2) We recently had a bit of a power outage in the Buffalo area - perhaps you heard....my maple tree in the back yard took it pretty hard, but can be saved. The guys mentioned in #1 above turned me on to a very good arborist. Very kind of them.
3) I stopped by a golf course the other day. Hey, did you lose any orange osage during the storm? No, but I cut one down the other day. Help yourself. Don't mind if I do.

Question about the orange osage - those potato-bug like critters love that stuff. When I store blanks, do I need to get the bark off? Are they harmful to this or other wood?

OK, the storm. I suppose we made national news for weather. Wicked, sudden, very early lake effect snow storm hit the area last Thursday. Worst of its kind in October on record. Leaves were still on the trees, so the weight of the snow on the limbs was terrific, and the resulting carnage to the trees is unbelievable in some areas. My wife and I came out of it ok tree-wise, but my folks house (where I grew up) looks like a tornado went through. Many people there lost every tree on their lot. I enjoy benefitting from the odd downfall, but I could almost cry looking at all the spent trees. Some look like peeled bananas. We had about 8 inches of snow, my parents had about 24 inches, and it hit super-quick. I was actually turning when the power went out - had literally just finished sanding a red oak-crete bowl. Went upstairs, and the 11:30 pm world outside alternated between bright orange and bright blue, trading between power to the street lights and lightning strikes above the clouds. VERY disturbing to see. EVERYTHING was blue, or EVERYTHING was orange.

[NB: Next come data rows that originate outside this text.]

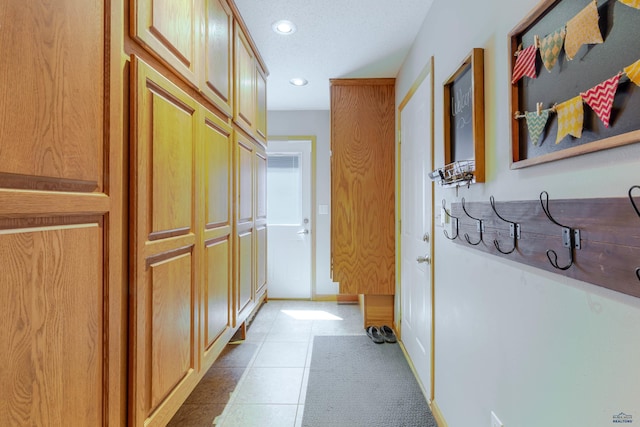 4941 Springtree Ct, Rapid City, SD 57702 - hall featuring recessed lighting and light tile patterned floors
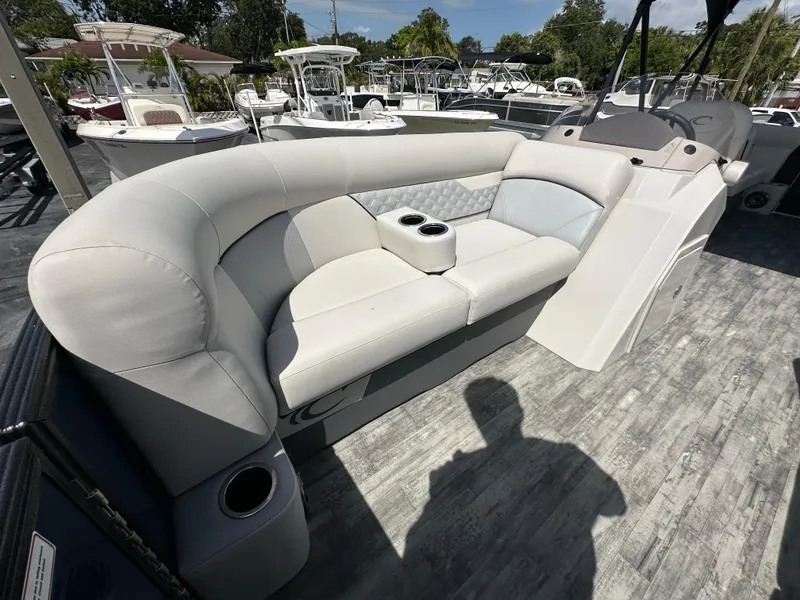 Slide: The Image of 2022 Crest Classic DLX 220 boat interior with cushioned seating and cup holders. - 13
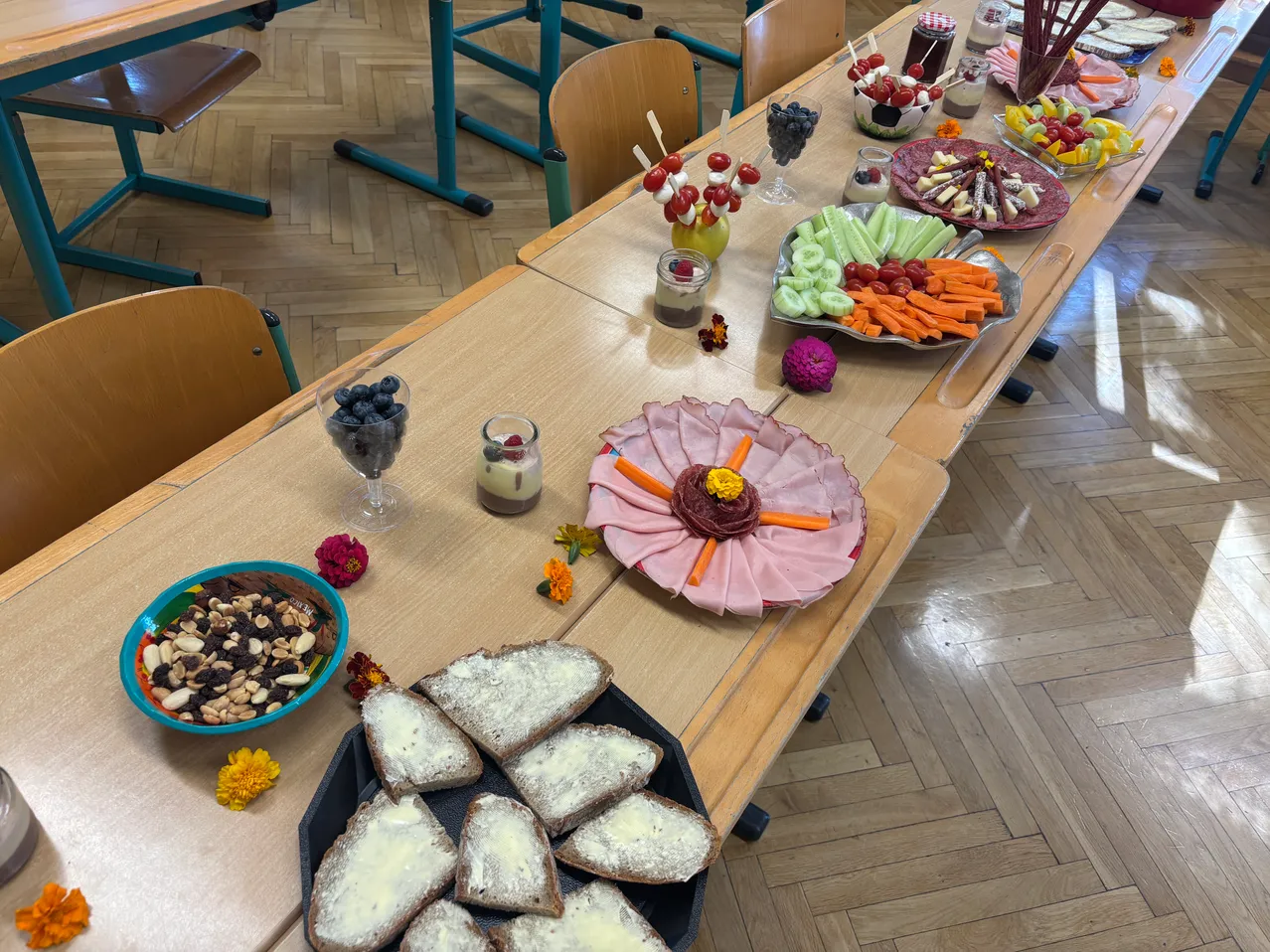 Ein langer Tisch ist mit verschiedenen Lebensmitteln wie Obst, Gemüse und Brot gedeckt. Auf dem Tisch stehen Blumen und Kerzen.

Power-wise, we were dark from Thursday night through Monday noon. About 400.000 people total without power, and still about 70,000 without power today. We made it through with a generator, but there was a time when the water pressure dropped to nothing and there was a boil-water ban, so things got a bit dicey. All is well for us now, but unfortunately there are still many people who will struggle for the next few days. The worst of it was my daughter waking me up every two hours (when the generator ran out of gas), whimpering that her nightlight was out again, daddy. OK swee'pea, you go back to bed, daddy will fix it. Sleep in 2-3 hour increments for four days is not ideal.

Crews have come from all over and are working like madmen to get power restored. So, my list of heroes has to be revised officially: military, police/fire/rescue people, and now people who restore/repair electrical lines.

Wow. That was long. Hope it was at least entertaining.